So, wherever their Honours indicate that they have been – having assessed the evidence as they are required to do in accordance with the proviso, they then specifically state on each occasion that they are satisfied of the possession of the whole. It is in light of that aspect, coupled with the way in which this appeal was run in the Court of Appeal that the court then dealt with the process aspect, as they put it, in the way that they did. In extracting Hughes there is no ignorance of the need to be satisfied that the error had no significance in the context of the trial.
That is no more than a reflection of the actual statutory text itself. There was a debate towards the end of my learned friend’s submissions in relation to trivial errors or matters of that nature in the WA statutory text, the test under (3)(b) which would typically be the second part of the common form provision:
the conviction should be set aside because of a wrong decision on a question of law by the judge –
That is the first aspect of it, and then one goes on to consider substantial miscarriage. So, even under (b), the trivial error is knocked out at that stage and one does not need to go on to consider substantial miscarriage of justice until it is something that may otherwise require the conviction to be set aside. But when they consider Hughes at page 870, line 30, they specifically extract the part of Hughes which talks about:
whether the error in question would, or at least should, have had no significance in determining the verdict that was returned by the trial jury -
That cannot be overlooked, in my submission, in relation to the way in which their Honours then went on to consider both the outcome aspect, as they put it, and the process aspect. My submission is that in relation to paragraphs 206 to 214 in particular which have been the focus of a great deal of the discussion in this case, the pivotal point in relation to the process aspect is in fact paragraph 213, and that is where their Honours make the finding that:
Although there was a misdirection . . . that does not mean that the trial was flawed in such a way as to preclude the application of the proviso -
What then follows is a composite finding, in effect, wrapping up the consideration of the proviso. The submission that the removal of the element of intention was analogous to a failure to leave a defence to a jury was rejected because there was no arguable defence. That, in effect, is a consideration of the nature and effect of the error on this trial.
EDELMAN J: Is it really correct to describe it as a “misdirection” as to an element? One could understand in Krakouer how that is described as a misdirection as to an element because the element is referred to, it is described as a reversal of the onus, but here the only direction is just a direction to take the element out altogether. Is that really a misdirection about the element?

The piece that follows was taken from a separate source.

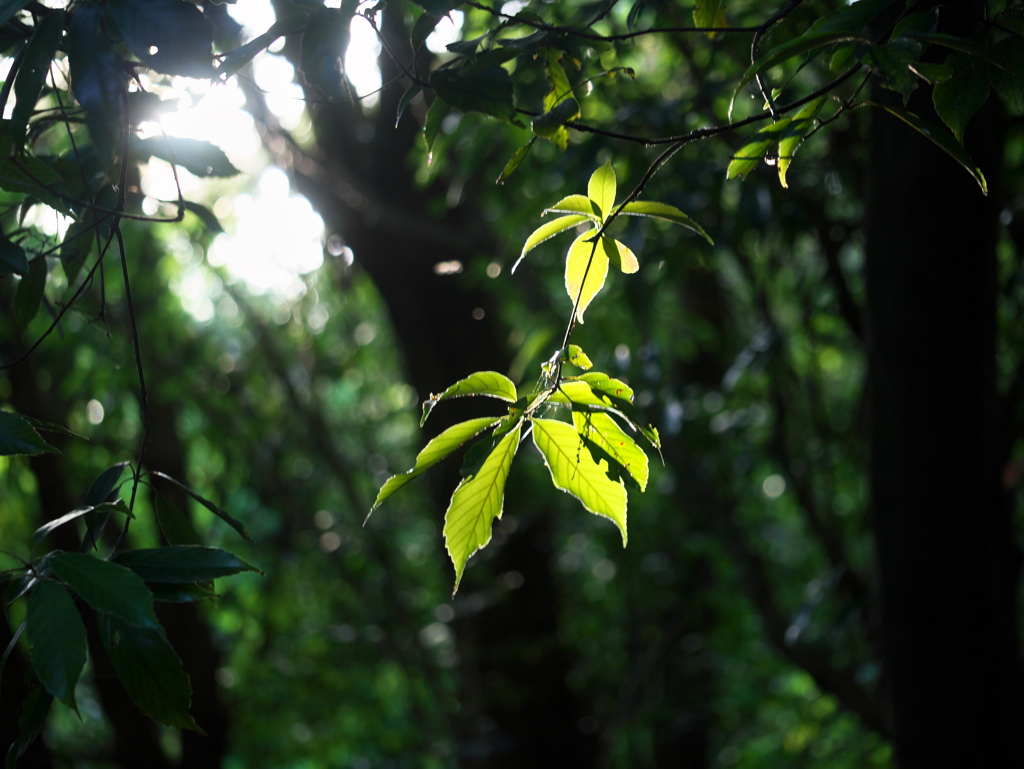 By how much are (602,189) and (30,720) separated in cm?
60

MS FORRESTER: There are varying ways, I accept, of describing it. It can only be a misdirection in the context of this case. The jury were directed they had to find that element beyond reasonable doubt but then were told that they could give it a tick, and they were of course given the jury aide which did not say give it a tick but at the time that they were told that they had the jury aide so one assumes that in the ordinary course that would be what they did, but it can only be a misdirection.

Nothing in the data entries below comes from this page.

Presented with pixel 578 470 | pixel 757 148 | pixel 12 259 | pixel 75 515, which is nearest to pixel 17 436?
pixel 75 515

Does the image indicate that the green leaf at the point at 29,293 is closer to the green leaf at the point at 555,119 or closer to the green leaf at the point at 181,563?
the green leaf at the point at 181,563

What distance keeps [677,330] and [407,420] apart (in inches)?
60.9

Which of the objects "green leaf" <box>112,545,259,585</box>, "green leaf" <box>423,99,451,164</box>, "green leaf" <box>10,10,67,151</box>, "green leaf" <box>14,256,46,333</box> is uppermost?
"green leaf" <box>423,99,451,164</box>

I accept that it could also be seen as taking an element, in effect, away from the jury. But in the context of a case where that element was never an issue and had never been an issue before the first trial, first appeal, second trial, second appeal there does seem to be – well, there is validity, in my submission, with the finding of their Honours that it was not such a fundamental flaw in this case.
BELL J: You have put against you that the case bears an analogy to Handlen where the judge and the parties all proceeded without an appreciation of criminal responsibility as defined under the Criminal Code of the Commonwealth. Here, you have the judge and the Crown and the defence counsel all proceeding on an assumption that the fourth element was the subject of a statutory presumption. How do you distinguish ‑ ‑ ‑
MS FORRESTER: In Handlen – and Handlen is not the only case where this happened and, to some extent, Quartermaine is also the same sort of case – the offence of which the accused was convicted was not an offence known to the law in the sense that the pathway that the jury were told they were entitled to take to conviction did not lawfully exist.
BELL J: Yes.
MS FORRESTER: It is different in this case, in my submission, because it was not said to be in issue at all in this particular case. There was no evidence to the effect that it should have been an issue in the context of this case. I know that your Honour Justice Edelman raised the issue as to whether this is a section 6(2) case or a section 6(1) case and, in effect, 6(2) is always the statutory alternative to 6(1) and because the indictment is pleaded as possession with intent to sell or supply, if the jury are not satisfied of that secondary part, then they simply find someone guilty of possession.
So, it is perhaps the way the cases are run rather than the fact that it was directed as a 6(2) case. It is always separated into possession and intention so that the jury can easily find to guilt on the alternative if that were open to them in any given case. As I say, there are many cases that are run on lesser quantities over two grams where the presumption is attempted to be rebutted, sometimes successfully, sometimes not.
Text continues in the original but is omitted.